Work instruction: Could you return every line of the records below that contains the word "wind"?
-- Dataset records follows --
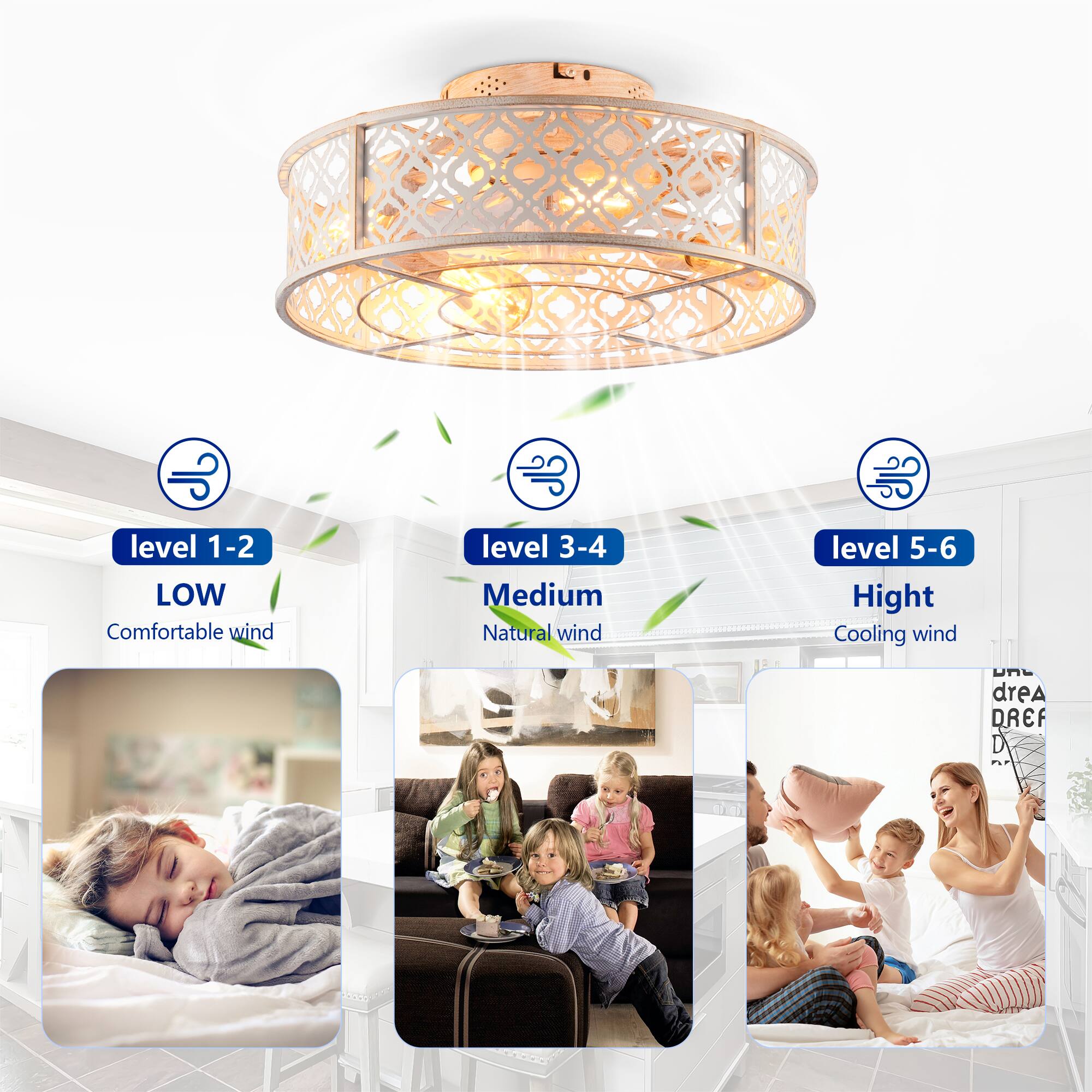 Level 1-2: LOW  
Comfortable wind

Level 3-4: Medium  
Natural wind

Level 5-6: High  
Cooling wind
-- Dataset records concluded --
Output of the task:
Comfortable wind
Natural wind
Cooling wind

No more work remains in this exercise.